Santa Catarina é o quarto maior produtor de leite do país. Só em 2024, o estado produziu cerca de 3,3 bilhões de litros de leite, 100 milhões de litros a mais do que em 2023, segundo a Pesquisa da Pecuária Municipal do Instituto Brasileiro de Geografia e Estatística (IBGE).

Visão do setor produtivo

O presidente do Sindileite, Selvino Giesel, alertou, durante seu pronunciamento, que o setor leiteiro brasileiro enfrenta uma “tempestade perfeita”, marcada por uma combinação de fatores que têm gerado forte crise econômica para produtores e indústrias. Segundo ele, houve um aumento da produção de leite em todo o país, impulsionado pela melhora das condições registradas no ano passado. No entanto, o consumo interno está em queda e deve reduzir ainda mais até o fim do ano, período em que historicamente há menor demanda por produtos lácteos.

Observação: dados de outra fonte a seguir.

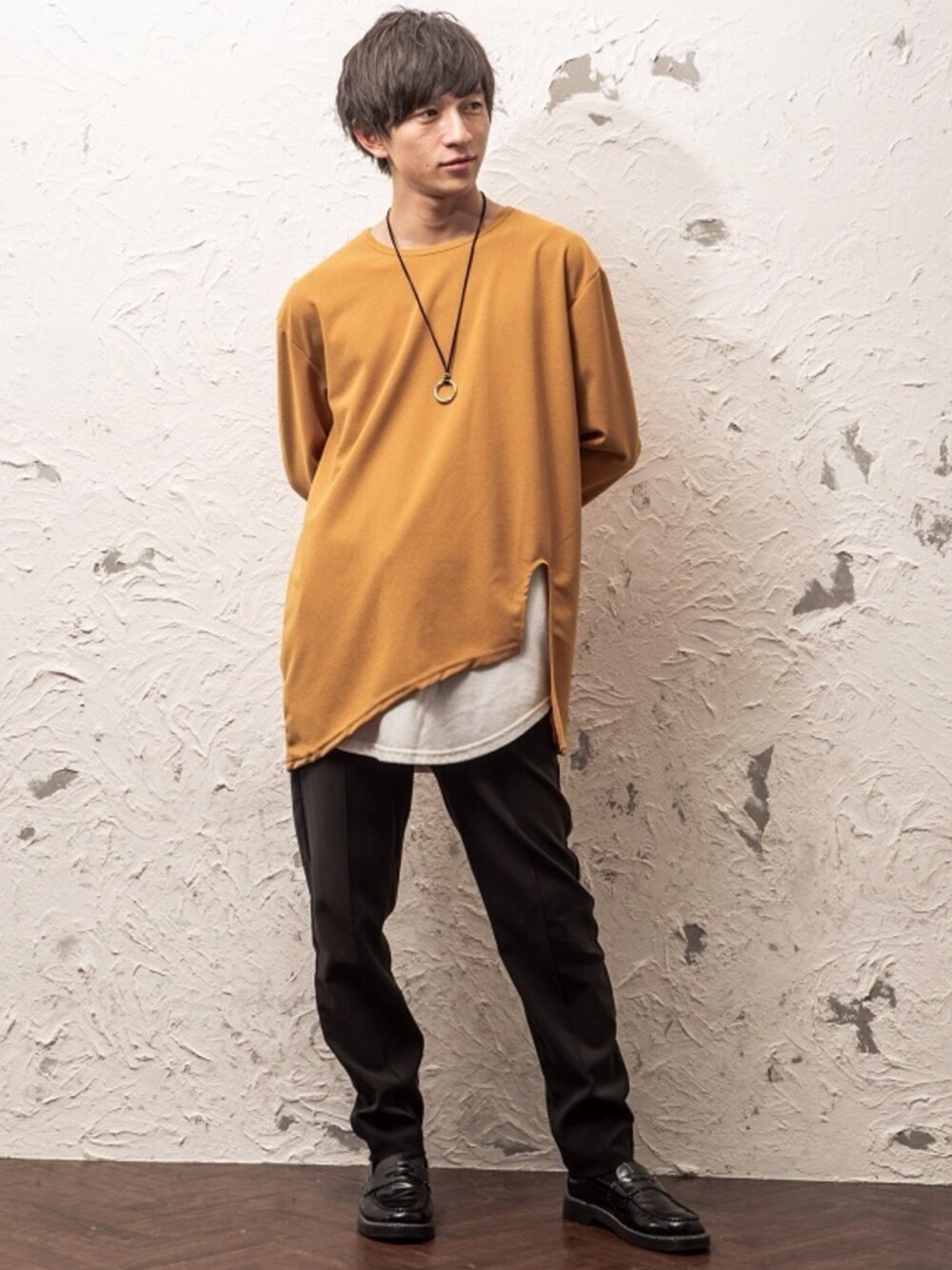 ブラウン系のTシャツ/カットソー、ブラック系のタンクトップ、ブラウン系のその他パンツを着用したメンズの冬コーディネートの1枚目の写真
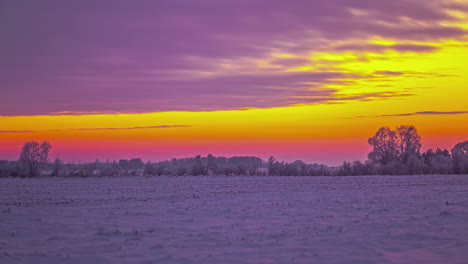 Zeitraffer-Von-Wolken-Am-Wunderschönen-Sonnenuntergangshimmelhorizont-Mit-Blick-Auf-Das-Schneefeld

“Atualmente, 80% dos produtos lácteos são comprados por famílias com renda de até R$ 3,5 mil por mês. Isso mostra a dificuldade que a população está enfrentando, o que se reflete diretamente nas vendas. As importações, que vinham estabilizadas em setembro e outubro, aumentaram significativamente, colocando um volume muito grande no nosso mercado. É importante ressaltar que, entre os dez maiores importadores de leite em pó e UHT, nenhum é uma indústria de laticínios”, criticou.

Medidas sugeridas

De acordo com ele, tanto os produtores quanto as indústrias estão operando com prejuízo. “Hoje, o leite UHT gera cerca de R$ 0,35 de prejuízo por litro produzido. Os estoques estão altos, há pressão para vender mais barato e, mesmo assim, o preço ao consumidor final não reflete as quedas impostas ao produtor e às indústrias”, explicou.

O presidente do Sindileite defendeu medidas urgentes para conter a crise. “Precisamos que o governo federal atue com rigor na fiscalização e na auditoria sanitária das importações. Quando exportamos, somos obrigados a cumprir uma série de exigências. O mesmo deve valer para os produtos vindos da Argentina e do Uruguai, que chegam ao país sem a mesma certificação”, apontou.

Ele também sugeriu ações emergenciais para reduzir o impacto da crise. “O governo poderia comprar leite em pó para diminuir os estoques e suspender temporariamente as importações, como medida de equilíbrio do mercado”, concluiu.

Voz dos produtores

A produtora de leite da cidade de Iomerê, Talita Casagrande, emocionada, enfatizou o trabalho dos agricultores e a busca por dignidade. “Sou produtora de leite por paixão. Minha família é a terceira geração e os meus filhos ajudam a tocar. A gente montou uma estrutura, que tem sanidade nos animais, propriedade certificada, temos uma excelente qualidade, só que isso custa. E, com essa crise, como vamos dar a volta nas contas? O produtor de leite só quer dignidade, só quer pagar suas contas e não encher a paciência de ninguém. A gente só quer ir pra casa, pagar nossas continhas, não dever pra ninguém e não incomodar ninguém. Produtor de leite não quer nada, só quer dignidade”, comentou.

Formação de comissão

Encerrando a audiência pública, foi criada uma comissão que trabalhará estrategicamente junto ao governo federal e ao governo catarinense nas sugestões indicadas durante o amplo debate.

Confira os membros que farão parte: Os deputados estaduais Altair Silva e Oscar Gutz; o presidente da Faesc, José Zeferino Pedroso; a presidente da Uvesc, Marcilei Vignatti; os prefeitos Chico Folle, de Xaxim; o secretário de Estado da Agricultura, Carlos Chiodini; e o deputado federal Valdir Cobalchini (MDB-SC).